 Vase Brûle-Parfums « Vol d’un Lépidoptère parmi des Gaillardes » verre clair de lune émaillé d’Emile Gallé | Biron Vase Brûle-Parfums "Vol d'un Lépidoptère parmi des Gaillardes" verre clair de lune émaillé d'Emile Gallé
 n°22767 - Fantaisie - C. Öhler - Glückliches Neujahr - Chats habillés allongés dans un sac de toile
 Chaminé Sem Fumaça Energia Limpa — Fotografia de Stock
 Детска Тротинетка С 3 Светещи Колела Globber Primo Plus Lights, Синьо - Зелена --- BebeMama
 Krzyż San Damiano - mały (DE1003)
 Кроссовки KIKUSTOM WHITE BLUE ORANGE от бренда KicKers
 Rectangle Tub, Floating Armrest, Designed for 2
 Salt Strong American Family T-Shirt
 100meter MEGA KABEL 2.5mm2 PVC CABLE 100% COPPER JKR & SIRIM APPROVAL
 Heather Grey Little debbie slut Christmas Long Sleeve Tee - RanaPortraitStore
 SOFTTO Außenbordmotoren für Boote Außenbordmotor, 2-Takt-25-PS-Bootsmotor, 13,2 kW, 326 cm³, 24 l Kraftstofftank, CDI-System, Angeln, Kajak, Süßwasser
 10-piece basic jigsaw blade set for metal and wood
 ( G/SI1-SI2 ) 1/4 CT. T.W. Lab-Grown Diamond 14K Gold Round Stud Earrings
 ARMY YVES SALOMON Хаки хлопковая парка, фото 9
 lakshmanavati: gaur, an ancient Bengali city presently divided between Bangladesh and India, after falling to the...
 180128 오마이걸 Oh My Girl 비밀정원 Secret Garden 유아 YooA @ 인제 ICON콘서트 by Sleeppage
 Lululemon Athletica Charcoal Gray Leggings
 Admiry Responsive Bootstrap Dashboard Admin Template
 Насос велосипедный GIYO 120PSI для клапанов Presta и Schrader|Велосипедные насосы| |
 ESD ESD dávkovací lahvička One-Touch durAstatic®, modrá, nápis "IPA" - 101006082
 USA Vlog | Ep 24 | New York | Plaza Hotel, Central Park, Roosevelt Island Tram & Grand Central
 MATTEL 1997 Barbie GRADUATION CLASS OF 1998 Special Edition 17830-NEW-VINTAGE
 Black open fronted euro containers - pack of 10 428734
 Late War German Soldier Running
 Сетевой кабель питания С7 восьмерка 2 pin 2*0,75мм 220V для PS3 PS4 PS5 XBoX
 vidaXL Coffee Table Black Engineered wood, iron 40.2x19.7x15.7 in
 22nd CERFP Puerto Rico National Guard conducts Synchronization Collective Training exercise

■ Brief
From the entries above, extract each line containing "wood".

■ Solution to this problem
 10-piece basic jigsaw blade set for metal and wood
 vidaXL Coffee Table Black Engineered wood, iron 40.2x19.7x15.7 in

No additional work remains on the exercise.